CSAM is the clearest possible example of why online safety regulation must be implementable, not just rhetorically satisfying. Tooling can do a great deal. It can help teams enforce policy consistently, preserve evidence, manage review, and build accountable processes. But it cannot substitute for legal certainty about what platforms are permitted to do. That certainty is what the EU has just removed.

What Needs to Happen

There is still a window for the EU to produce something durable.

Parliament-backed safeguards, narrower scope, judicial oversight, and the exclusion of end-to-end encryption, should be treated as a serious basis for a permanent regime, not as a stepping stone toward something more expansive. That position is not what anyone wanted. But it is defensible, and it would restore a baseline of protection. Lawmakers who rejected it as too narrow and lawmakers who rejected it as too broad both need to account for the vacuum that followed.

The Commission should also be explicit about its enforcement posture during the gap. The current ambiguity is the worst possible outcome: platforms that do less protect themselves legally, and platforms that do more are exposed. Public clarity on whether good-faith detection of known CSAM under existing frameworks will draw enforcement action would meaningfully reduce harm in the interim.

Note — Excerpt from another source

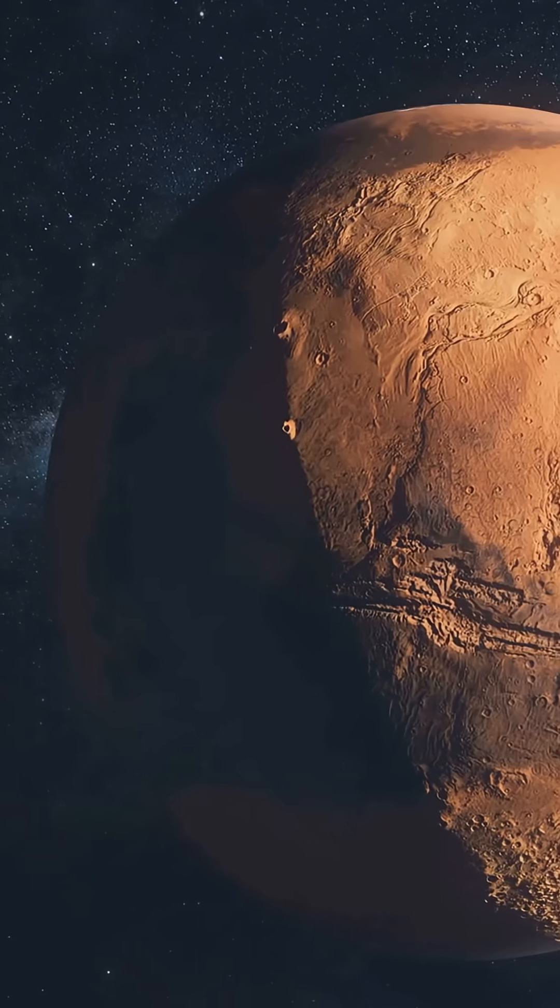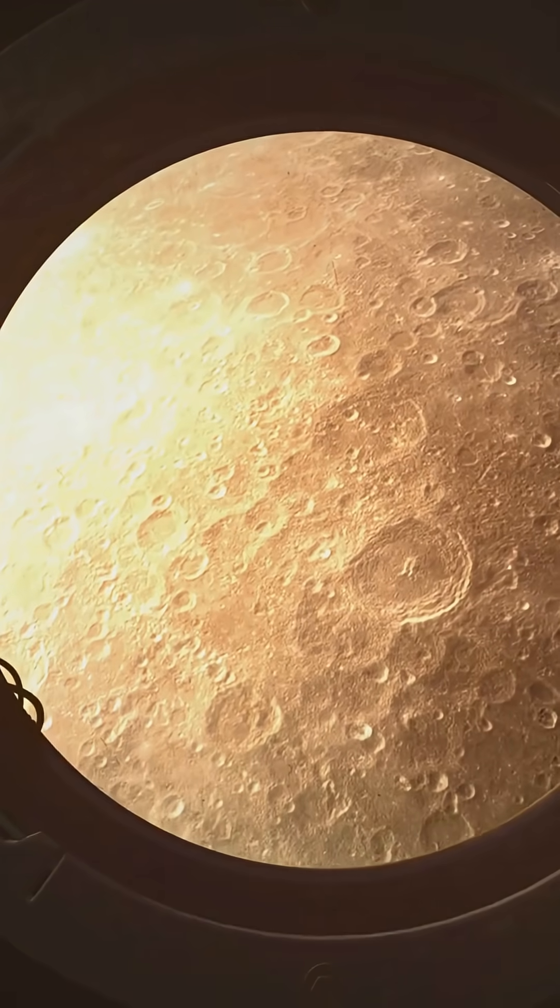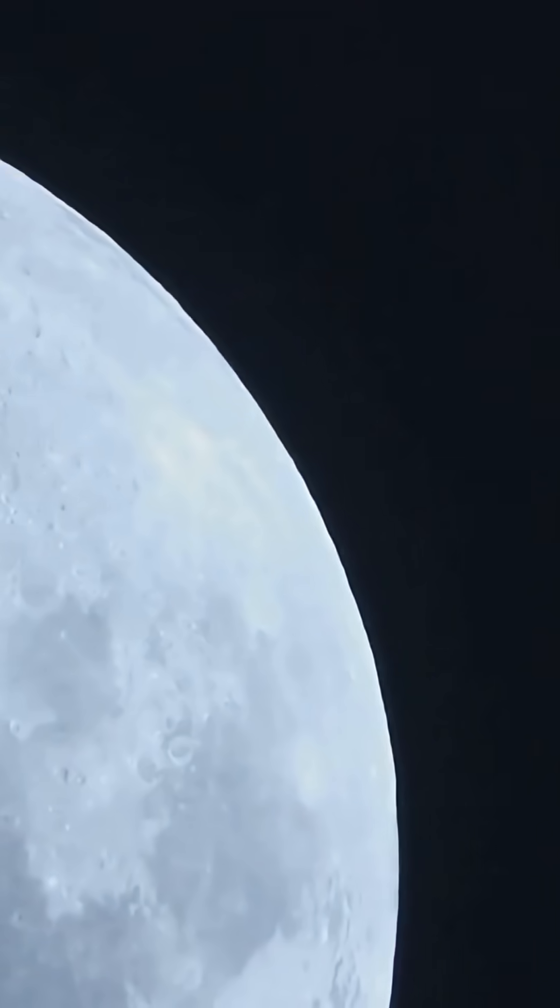Ninth, NASA's Artemis missions will use the moon as a launch pad to Mars. And tenth, there are still moon mysteries waiting to be solved.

And the conversation needs to stop treating inaction as neutral. It is not. The 2020 episode established the counterfactual. Every week the EU operates without a clear legal basis is a week in which referrals fall, identification of victims slows, and perpetrators get a quieter operating environment. That is a policy choice. It should be defended as one.

A Closing Thought

Privacy and child safety are not mutually exclusive values. But reconciling them requires lawmakers to do the hard work: define lawful detection, set strict safeguards, require transparency, create audit mechanisms, and give platforms clear obligations rather than contradictory expectations.

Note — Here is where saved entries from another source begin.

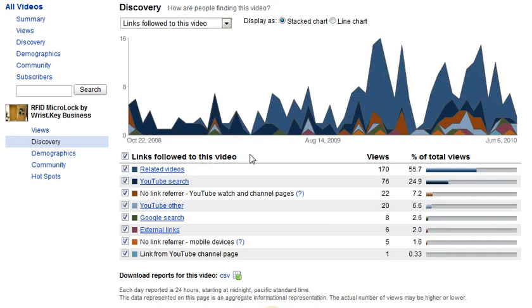The Discovery category is where YouTube Insights really shines because it has the power of Google behind it with Google Search and Google Analytics of course.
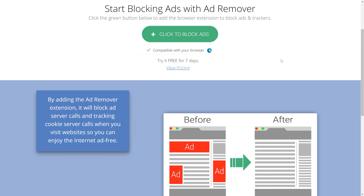Give it a try for free for 7 days, and see for yourself what a difference it makes. Without the constant clutter of online ads, you'll wonder why you didn't get AdRemover sooner.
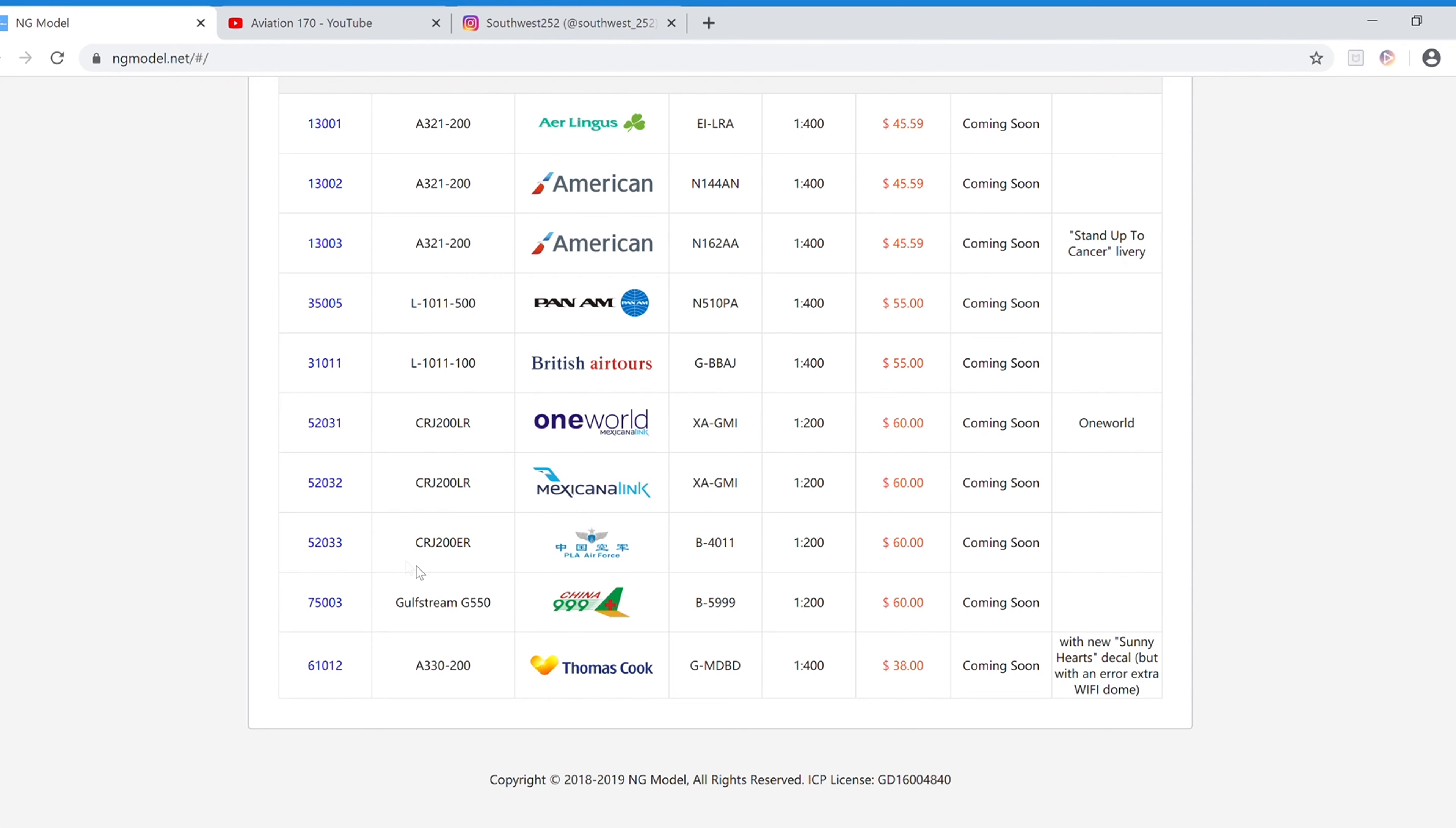And next we have the China 999 Gulfstream G550. The registration is B-5999. It is $60 and the item number is 75003.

What Europe has created instead is a legal vacuum. And in that vacuum, everyone can claim to care about child safety while no one owns the consequences of inaction.

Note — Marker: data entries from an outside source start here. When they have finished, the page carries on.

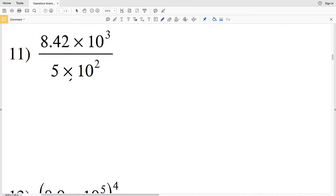In this video we're continuing on with the operations with scientific notation worksheet on the Kuta software website under the infinite algebra one section. I'll have a link in the description below so you know how to access this free worksheet.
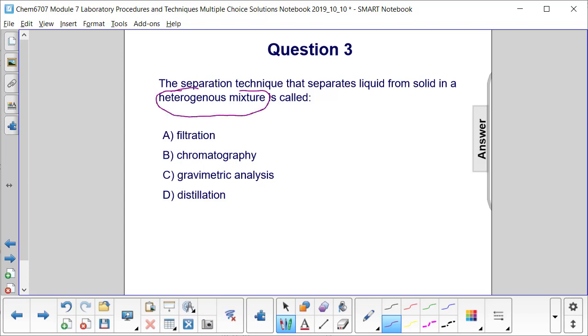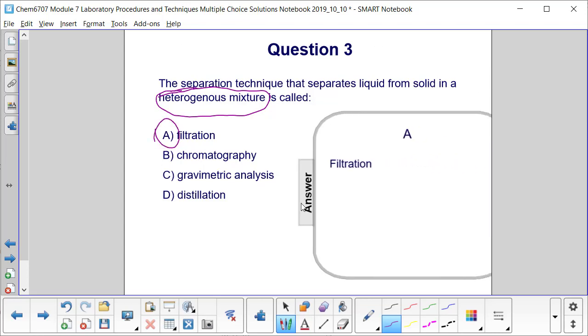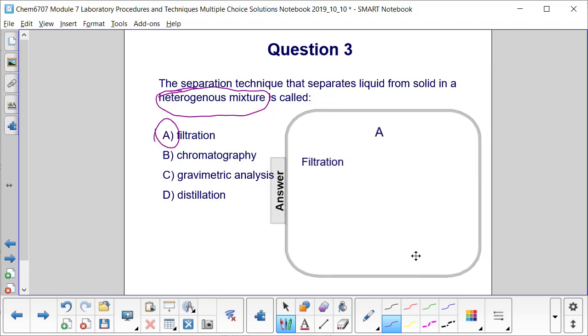In a heterogeneous mixture, this means that we have two different parts of the mixture that we can see. And in doing that, we can simply use filtration to separate one part of the mixture from another.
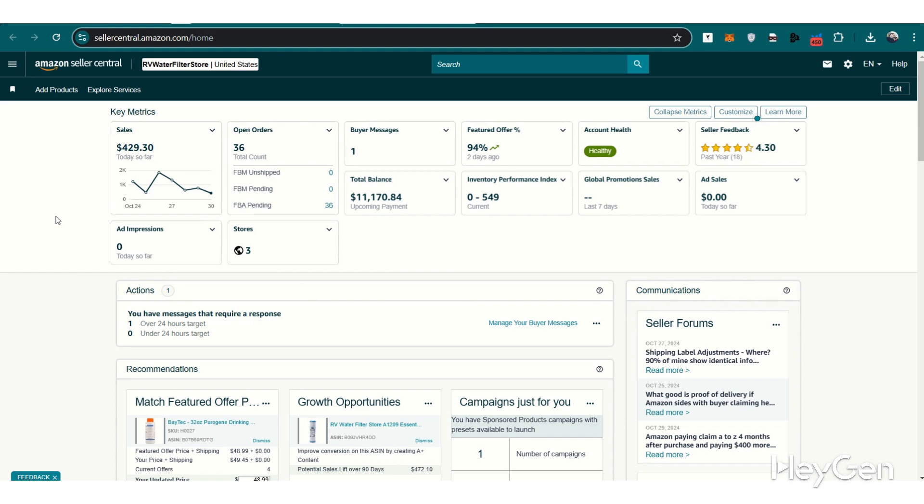Essentially, the Merchant ID serves as your unique account identifier on Amazon, enabling these systems to gather the right data from your seller account. To locate your Merchant ID...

Children deserve better than temporary derogations. Platforms need more than political blame. And lawmakers should not be allowed to outsource the hardest moral choices in online safety while reserving the right to criticize everyone else for the outcome.

Sam Freeman is Founding Forward Deployed Engineer at Cinder and an MSc candidate in the Social Science of the Internet at the Oxford Internet Institute. He previously worked as a technical lead in the Integrity group at Meta, where he built perceptual hash matching technologies to address CSAM, NCII, and terrorist content.